I stared into the ceiling. My hips were throbbing. “God knows when that will be.”

She laughed and started circling the ultrasound probe over the sore spots in my hips. I asked if she had children.

“A boy and a girl,” she said. “Nine and twelve.”

She clicked off the console and massaged anti-inflammatory ointment into my hips with her thumbs.

I returned three times a week for ultrasound, massage, and ice packs. I started doing the exercises she recommended. The pain worsened. On my sixth visit, she was on vacation, so I saw one of her colleagues.

“I don’t think it’s tendonitis,” the colleague said. I was on my stomach, knees bent, soles of my feet to the ceiling. She told me to raise my right knee off the table.

“Ow!”

“That bad, huh?” She wore hiking boots and said she had an eight-year-old daughter. “Raise the other knee.”

I blew out a breath, tried to relax. “What is it?”

“I don’t know,” she said. “But you’re really weak, that’s for sure.”

I explained this new diagnosis to my therapist.

“That doesn’t make any sense.” She sat in her cushioned armchair, her legs crossed and her hands folded in her lap. I sat across from her. “You’ve exercised all your life.”

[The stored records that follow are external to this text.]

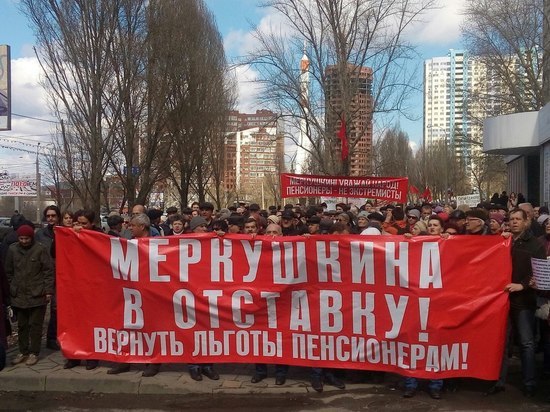 Социальный марш в Самаре: отставки Меркушкина требовали больше трех тысяч человек 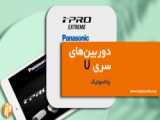 معرفی دوربین Z230
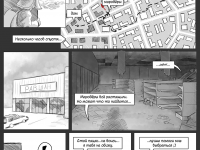 Превью выпуска №5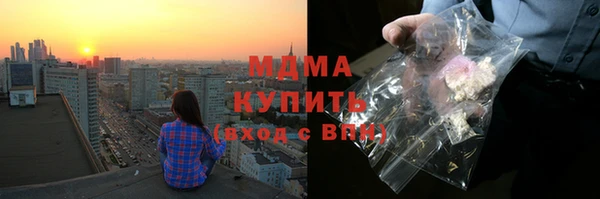 скорость Новодвинск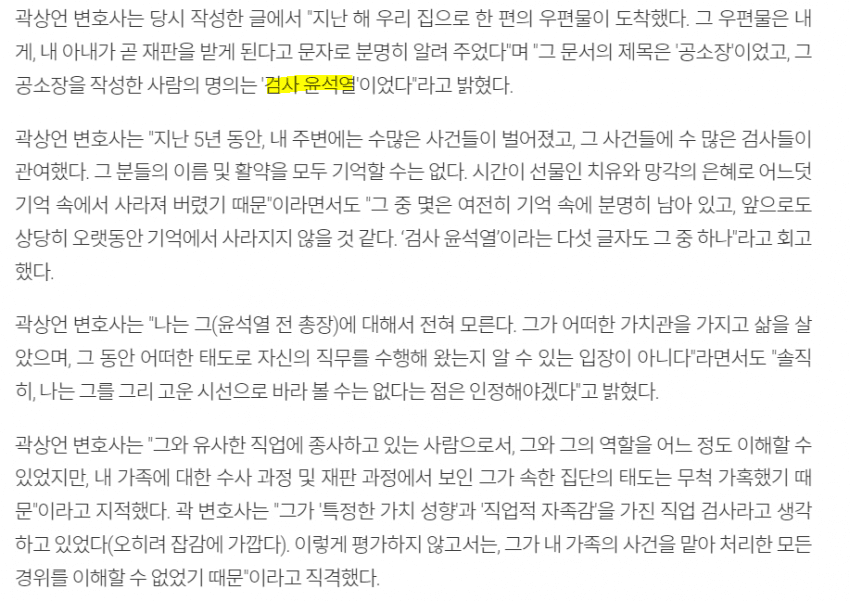 newsgongjang's tweet photo. 故 노무현 대통령의 딸, 노정연씨를 수사한 검사가... "윤석열이였다!" https://t.co/70YSGaIlyD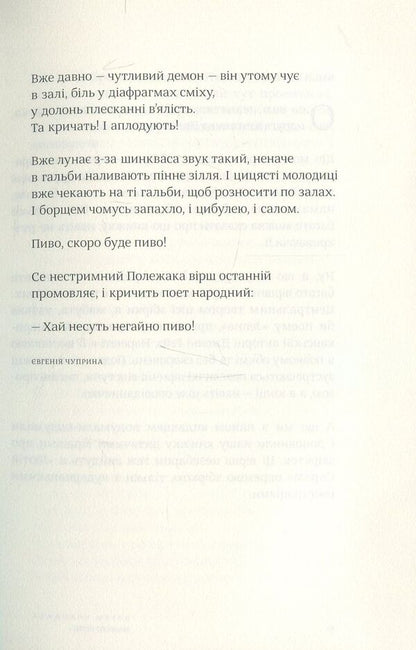 Hanging Songs / Навісні пісні Artem Polezhaka / Артем Полежака 9786177420360-6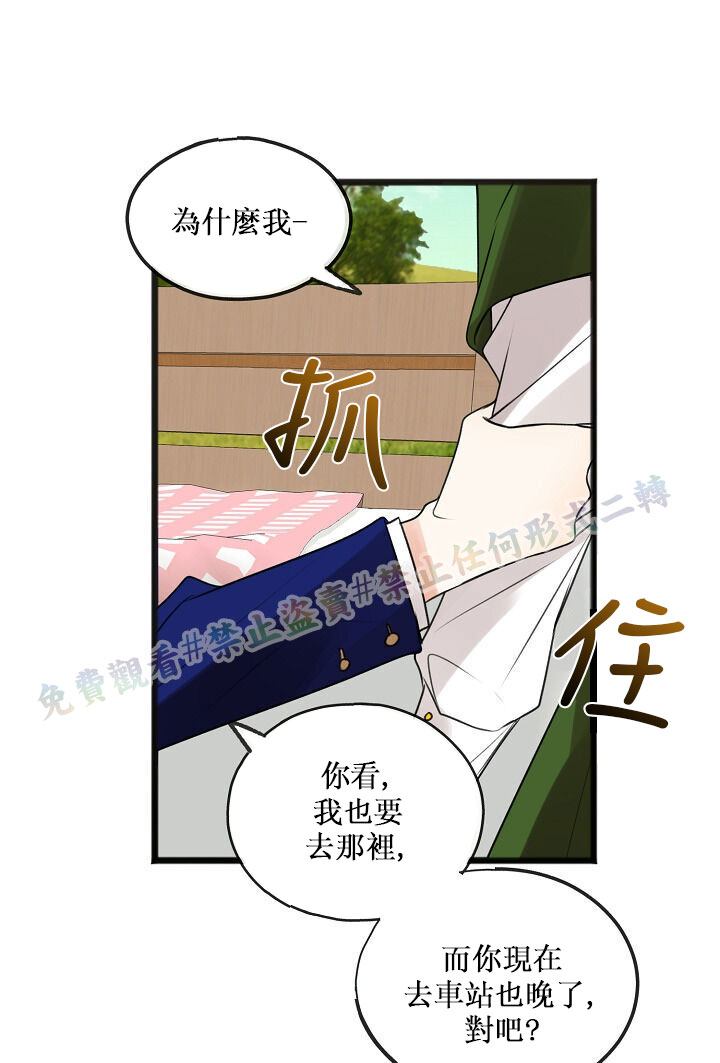 你仍留著已逝之花 漫画,第2话2图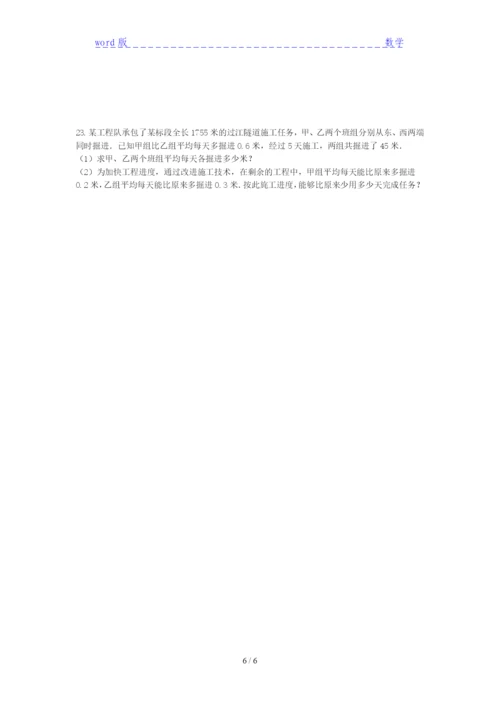 2021数学七年级精华试题(含答案)下载.docx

I pushed a throw pillow further down my back. Her couch was aggravating a new pain, deep in my tailbone. Sitting made it ache. Walking helped, but if I went more than half a mile my hips tightened to a burn. “I have an appointment with the acupuncturist tomorrow.”

She thought it might be bursitis. Throughout my pregnancy, the acupuncturist had treated me for hemorrhoids, anxiety, and the cavernous pressure of my son’s butt tucked beneath my right breast like an upside-down bowl. Sometimes I cupped my hand over his cheeks and patted them. Other times I pushed down on them to try and pop a few of my ribs.

“Between your bones and your tendons…”—she held up her hand as if holding a sandwich—”you have sacs of fluid called bursae. They can get inflamed. They can really hurt.”

I nodded.

“Have you had any accidents or injuries?” she asked.

“No.”

“Still nursing?”

I nodded.

“That might explain it,” she said. “Nursing puts a lot of stress on the body.”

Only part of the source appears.